InIn my seventh-grade school photo, I’m wearing lipstick that’s almost brown, a la ’90s-era Jennifer Aniston, Drew Barrymore, Jennifer Lopez, and Kate Moss. My friend Arielle, a grade above me, had shared it with me the morning before our photos were taken.

When my mother finally received the picture, she must have been upset, despite her outwardly understated reaction. I hadn’t asked permission, or told her what I’d done, and it was the first school photo where I was wearing noticeable makeup. I don’t remember if she told me outright that it looked ugly (this seems out of character) or if she just took a sharp breath and asked what I’d been thinking in a way that made clear my mistake. Or maybe, upon seeing the photo, even without my mother’s reaction, it simply became obvious to me that the look was not working. Regardless, the end result was the same: no more lipstick, not for me. Luckily, gloss came into popularity and stayed in my purse, and the question of lipstick became a non-issue for the next decade.

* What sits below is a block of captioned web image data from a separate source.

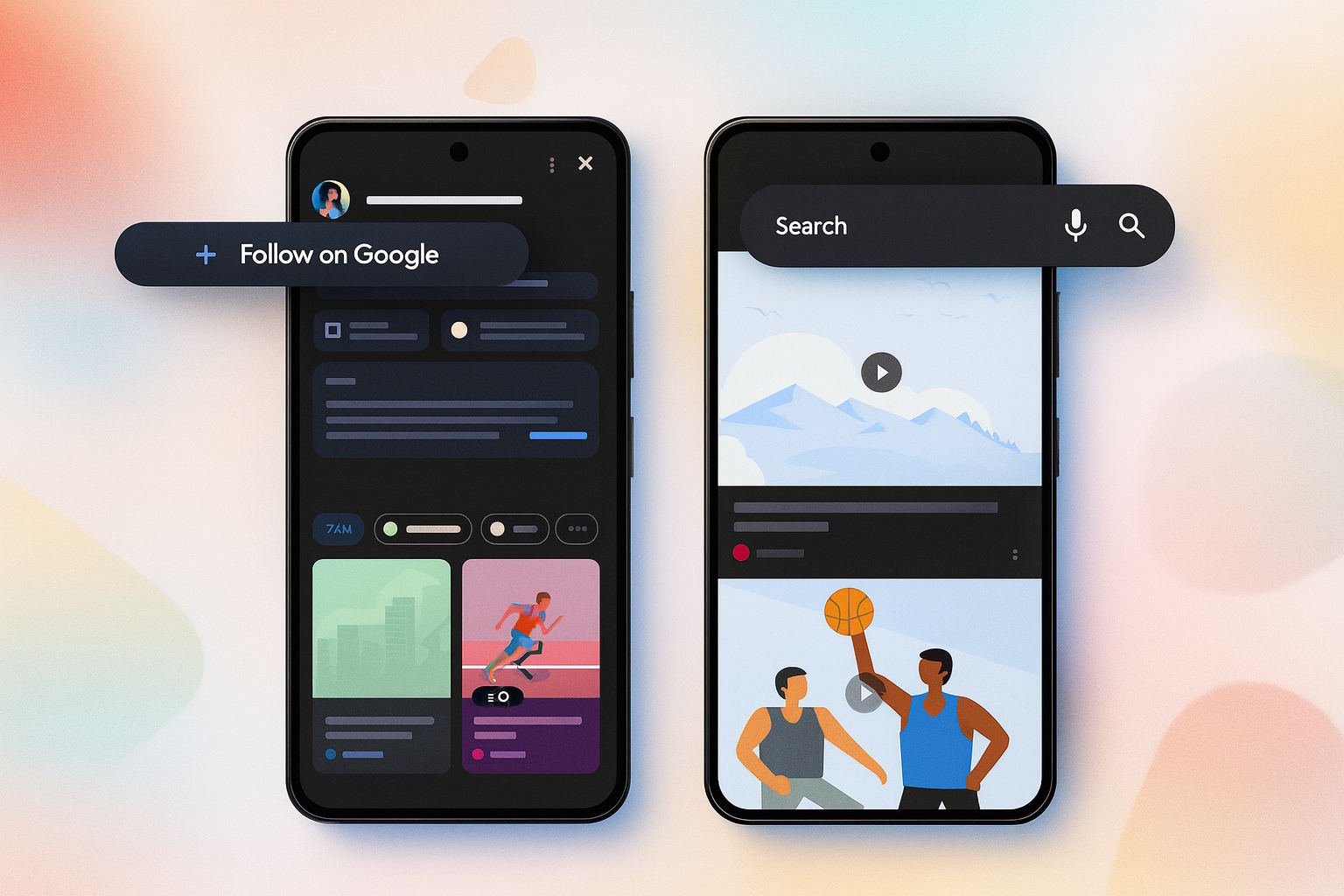 Google Discover mostrará publicaciones de X e Instagram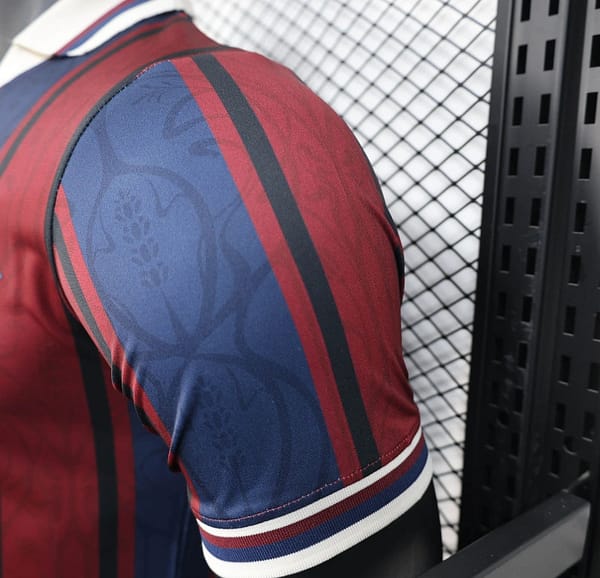 25/26 Player Version Modernist FC Barcelona Polo Jersey - Image 5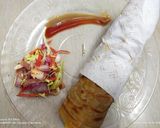 A picture of step 7 of Egg roll.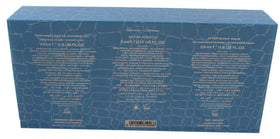 Versace bottle label closeup, iconic branding and scent notes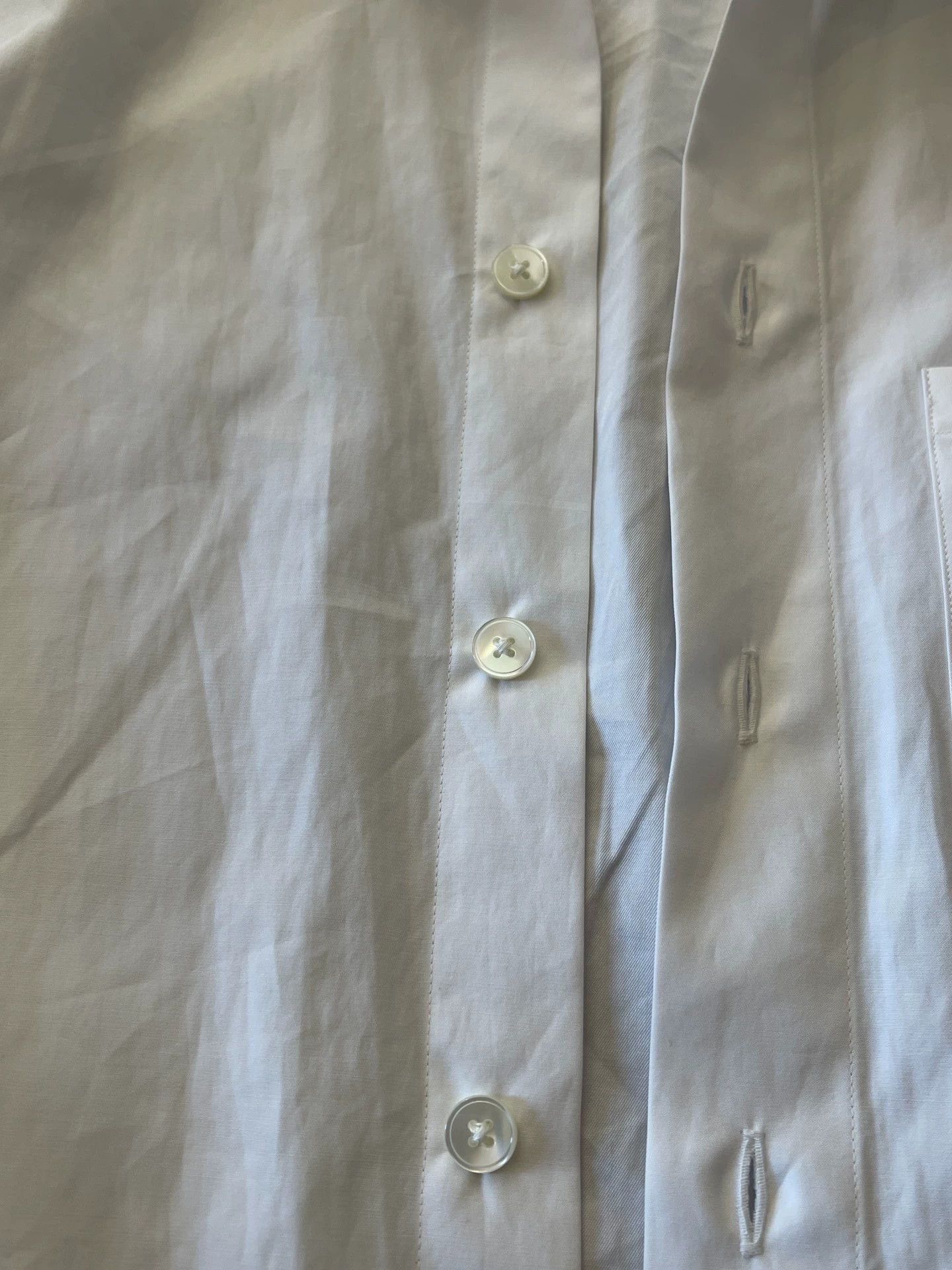 Auralee Oversized Washed Finx Twill Shirt Size US XXL / EU 58 / 5 - 5 Thumbnail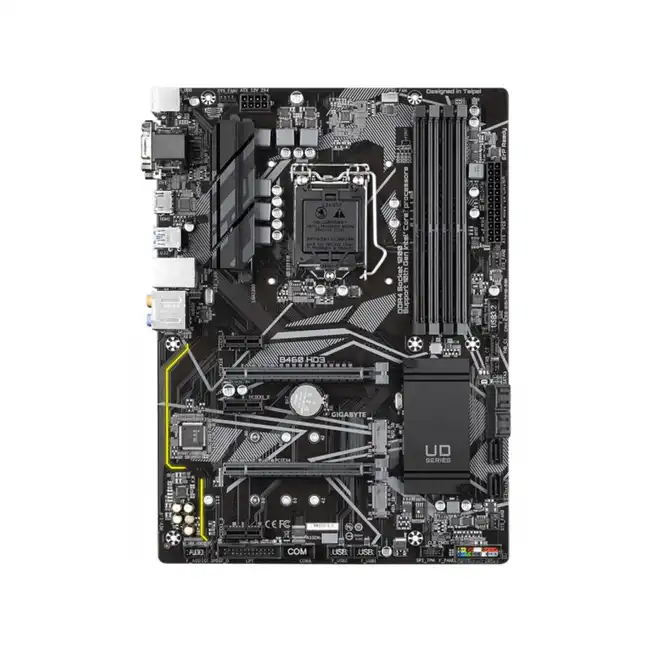 Материнская плата Gigabyte B460 HD3 9MB46HD3-00-10 (Mini-ATX, LGA 1200)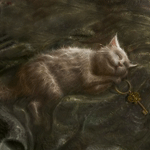 Аватар Кот с ключом
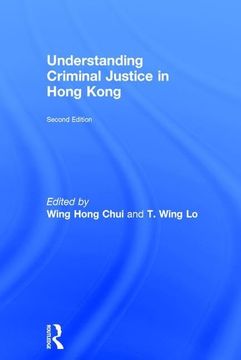 portada Understanding Criminal Justice in Hong Kong (en Inglés)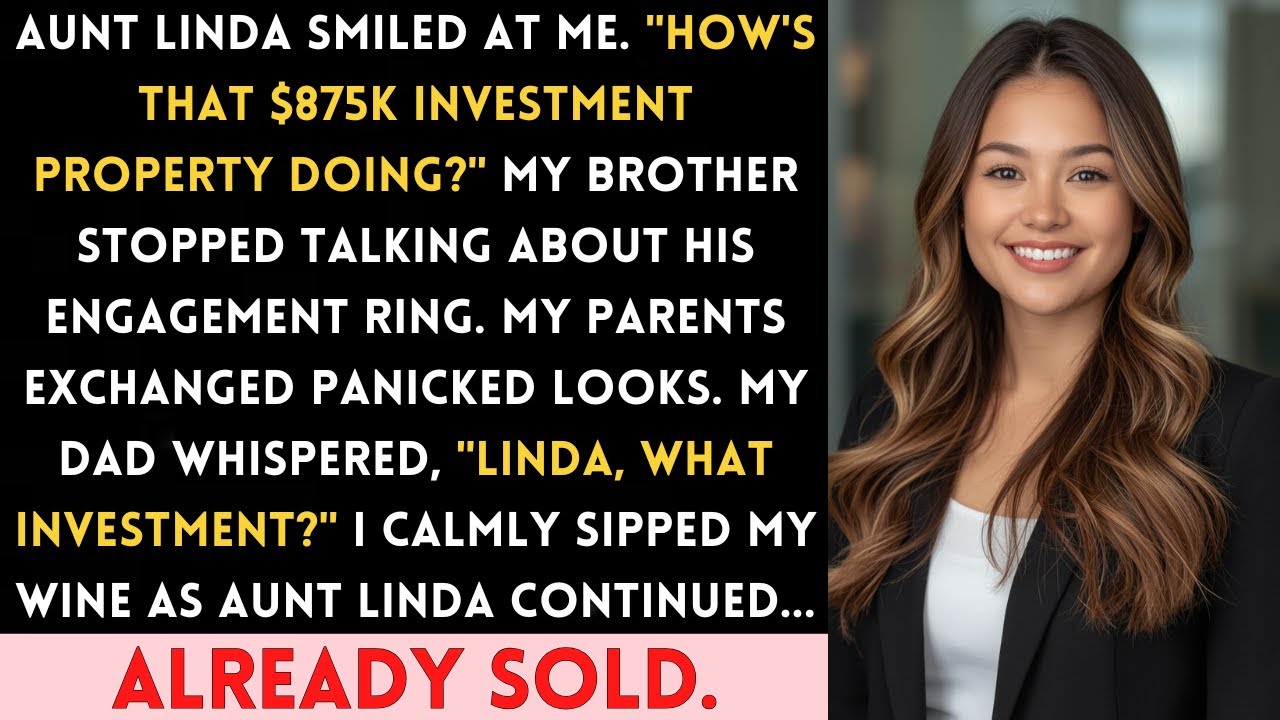 At Brother's Engagement Party, Aunt Linda Asked About 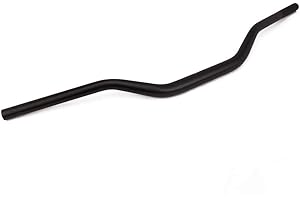 USTPO Motorradlenker 1 1/8 Zoll 28 mm Universal Lenker für Suzuki Yamaha Kawasaki Hon.da K.T.M CRF YZF KXF KLX RMZ DRZ KX RM YZ SX EXC XC 65 85 125 250 300 350 450 Dirt Bike ATV Motocross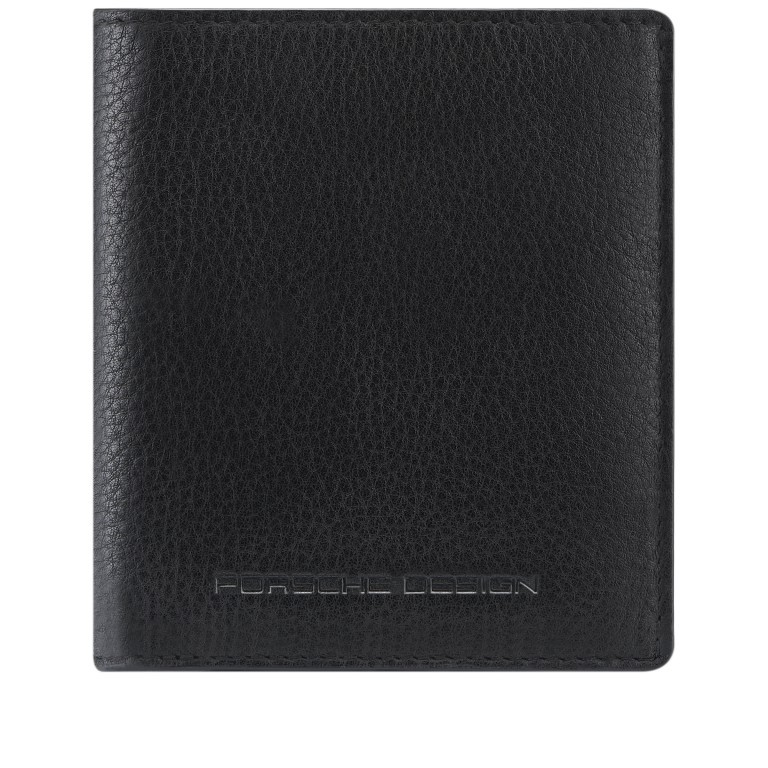 Geldbörse Business Wallet 6 mit RFID-Schutz Black, Farbe: schwarz, Marke: Porsche Design, EAN: 4056487000923, Abmessungen in cm: 10.5x9x2, Bild 1 von 4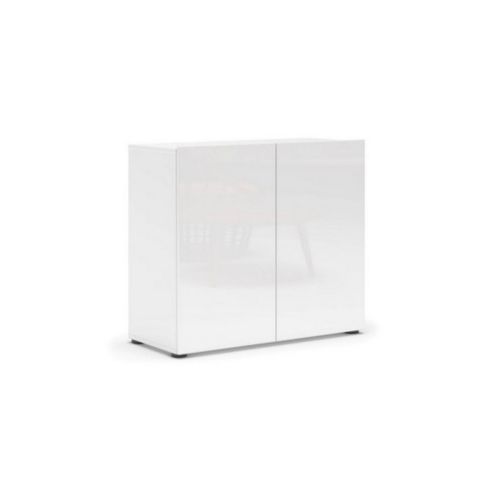 Epikasa Multiuse Cabinet Mister - White 90x79x38 cm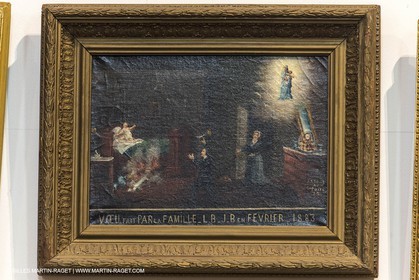 04 02 2013 - Marseille(FRA,13), Notre Dame de la Garde, Ex Voto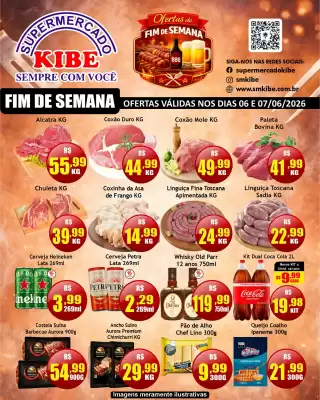 Kibe (válido até 7-06)
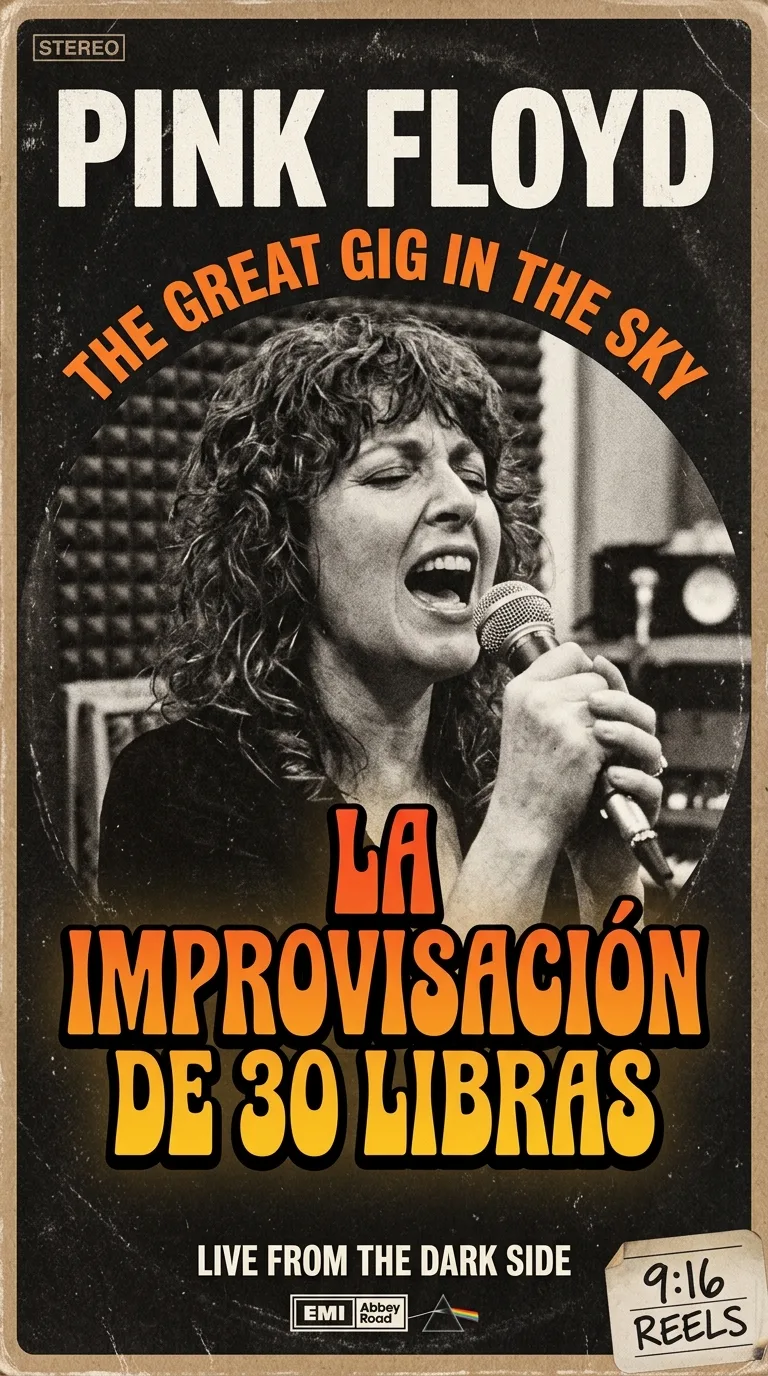 Portada Oficial - The Great Gig in the Sky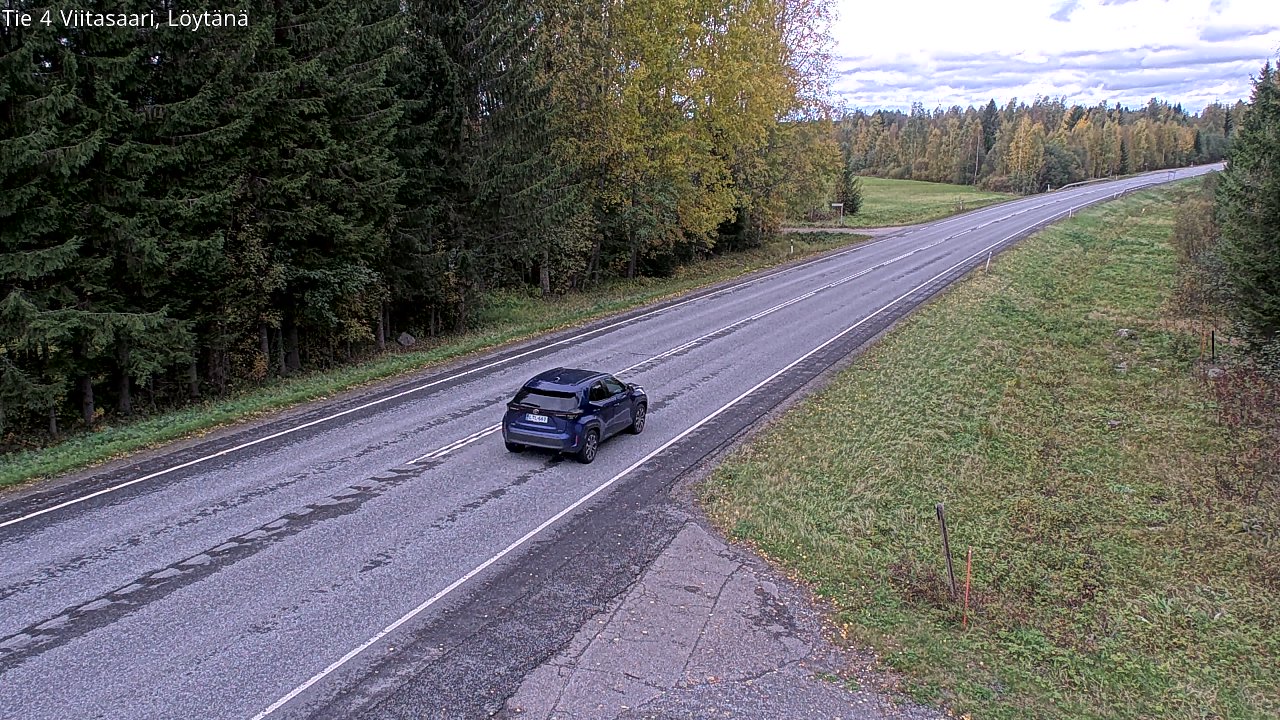 Kelikamerat Kuva Tie 4 Viitasaari, Löytänä, Viitasaari, Keski-Suomi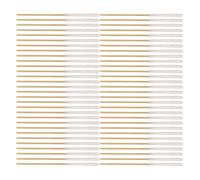 LOORGVEL 360pcs Beauty Cotton Swabs Makeup Remover Stick Applicator Bamboo Sticks Long Precision Tip Cotton Swabs for Beauty Skincare Application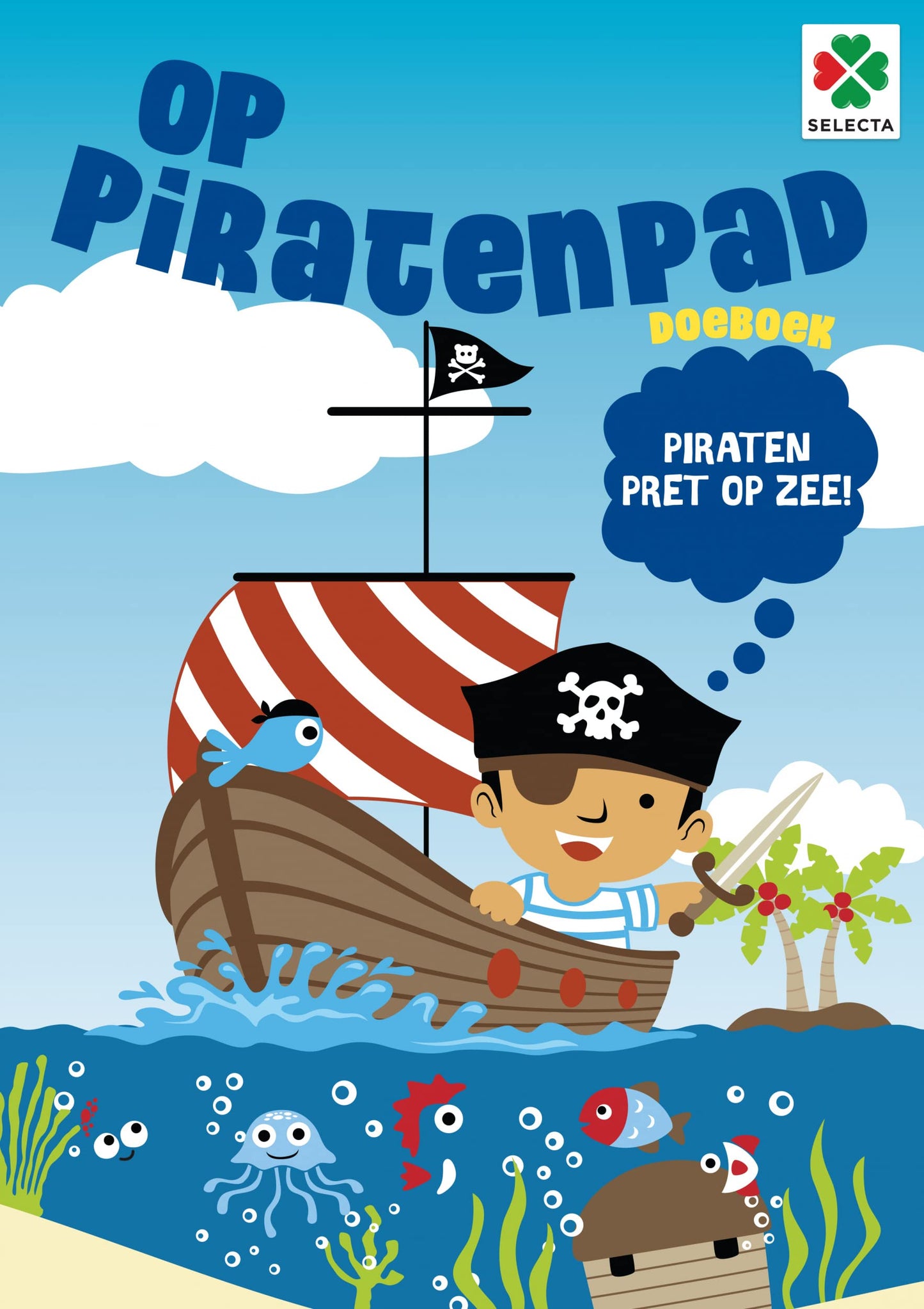 Selecta - Op Piratenpad Doeboek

As a young girl I’d longed for (but was not allowed to have) Barbies, until my aunt and uncle went rogue and gifted me one in a way my parents couldn’t prevent. That first Barbie was a gateway drug; I became obsessed, in all the ways young girls often do. Dress-up, sex, elaborate family systems, all of it played out with my Barbie dolls. My love for Barbies, I understood, was very normal, and normal was bad, but also, sometimes I liked normal.

As a preteen, I was allowed to paint my nails, but always with the knowledge that my father would not appreciate my doing so. When he saw me, I knew he would tell me that they didn’t look good, or that the color was distracting. Years after I first asked to do so, I was finally allowed to “permanently mutilate” my body by piercing my ears. In photos from the day I got them done, I’m smiling and shy, and I look like a child. I am a child in those photos, younger than 13. But in my concept of myself at the time, I did not feel like a child.

ItIt is perhaps the most predictable bit of personal character development that I became entranced by beauty magazines as a teenager, dreaming of moving to New York and working…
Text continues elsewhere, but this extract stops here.